[Data items]
---*---
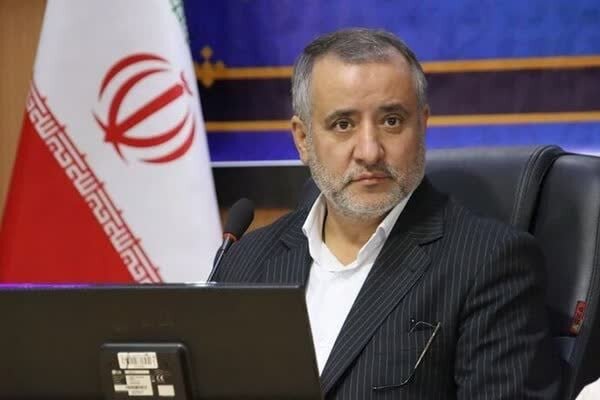 ۶۵ هزار میلیارد تومان اعتبار رهاورد سفر رئیس‌ جمهور به خراسان جنوبی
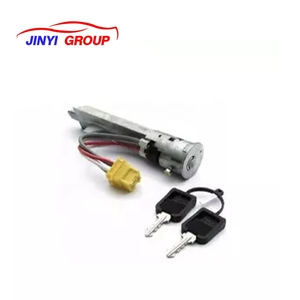 Commutateur d'allumage pour Renault R5 7701349389 77 01 349 389 - Product Image 1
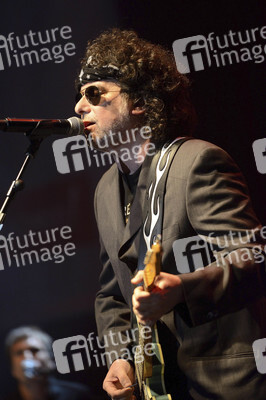 Andrés Calamaro Konzert, Madrid
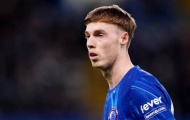 Dính chấn thương, Cole Palmer ở lại Chelsea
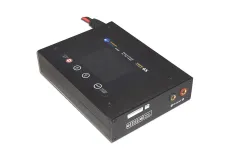 Chargery Ladegerät 5006B mit 500Watt 20A 1-6S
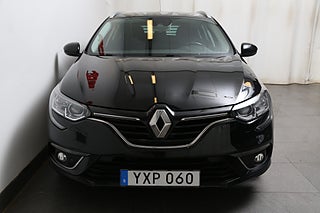 Kombi Renault Mégane 5 av 23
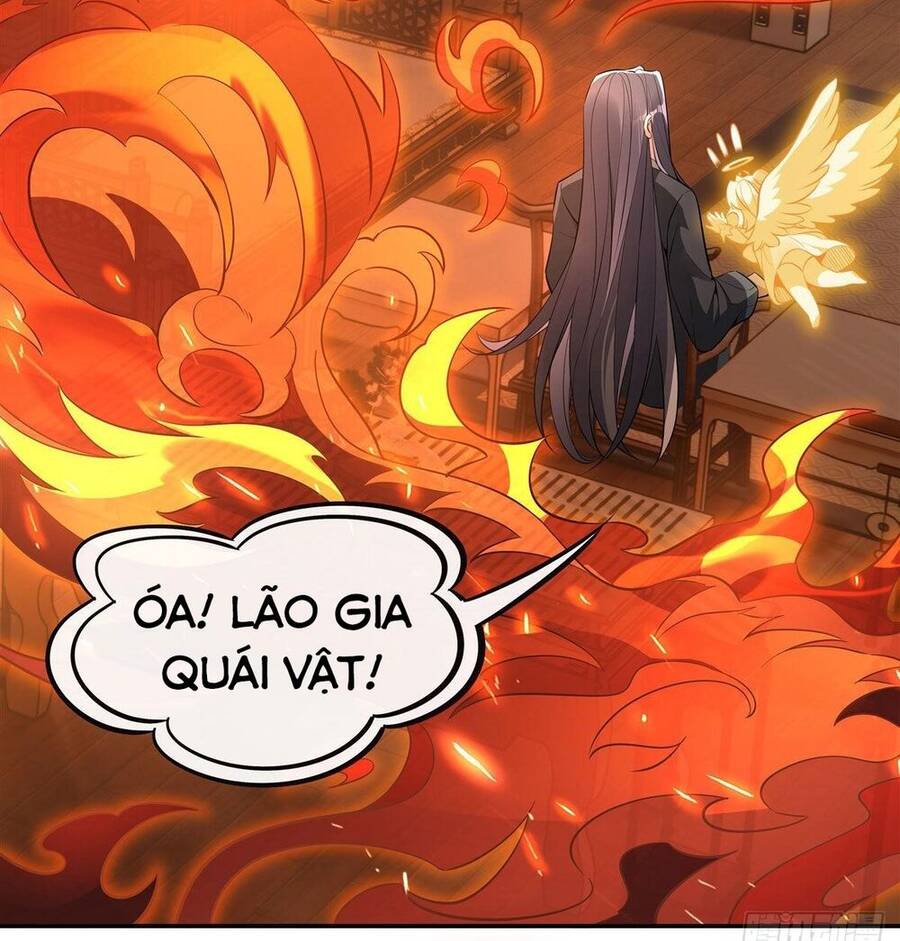 Các Nữ Đồ Đệ Của Ta Đều Là Chư Thiên Đại Lão Tương Lai Chap 84 - Next Chap 85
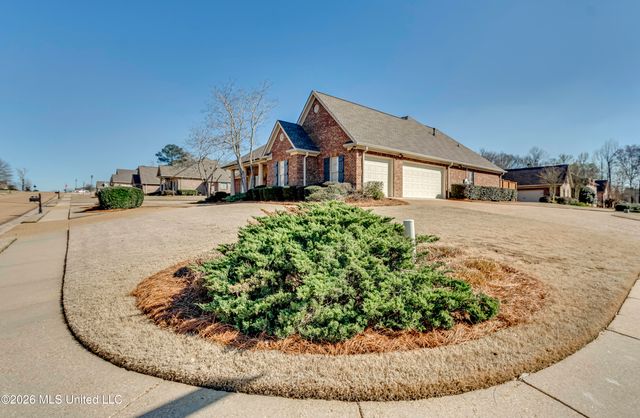 109 W Legacy Drive, Brandon, MS 39042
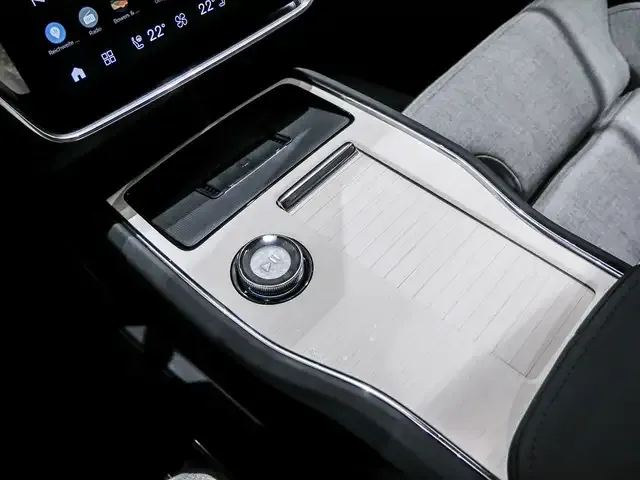 Volvo EX90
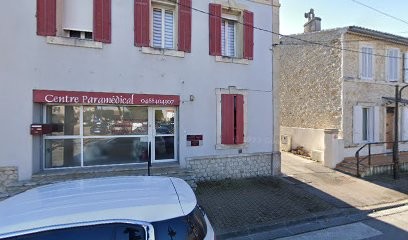 Centre Médical, Centre Médical à Rognac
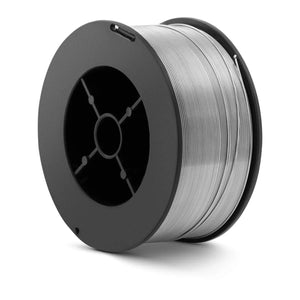 Filo animato per saldatrice MIG filo continuo no gas bobina 1KG 1.0mm E71T-GS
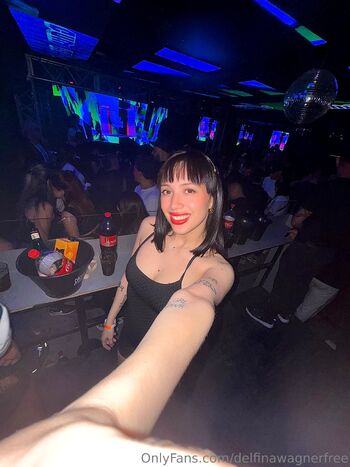 Delfi Wagner Fre / delfinawagnerfree nude photo #10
---*---
◆ INSTRUCTIONS TO FOLLOW: Without including the pictures, return each record above exactly as it stands.

◆ SOLVED PROBLEM:
 ۶۵ هزار میلیارد تومان اعتبار رهاورد سفر رئیس‌ جمهور به خراسان جنوبی
 Commutateur d'allumage pour Renault R5 7701349389 77 01 349 389 - Product Image 1
 Andrés Calamaro Konzert, Madrid
 Dính chấn thương, Cole Palmer ở lại Chelsea
 Chargery Ladegerät 5006B mit 500Watt 20A 1-6S
 Kombi Renault Mégane 5 av 23
 Các Nữ Đồ Đệ Của Ta Đều Là Chư Thiên Đại Lão Tương Lai Chap 84 - Next Chap 85
 109 W Legacy Drive, Brandon, MS 39042
 Volvo EX90
 Centre Médical, Centre Médical à Rognac
 Filo animato per saldatrice MIG filo continuo no gas bobina 1KG 1.0mm E71T-GS
 Delfi Wagner Fre / delfinawagnerfree nude photo #10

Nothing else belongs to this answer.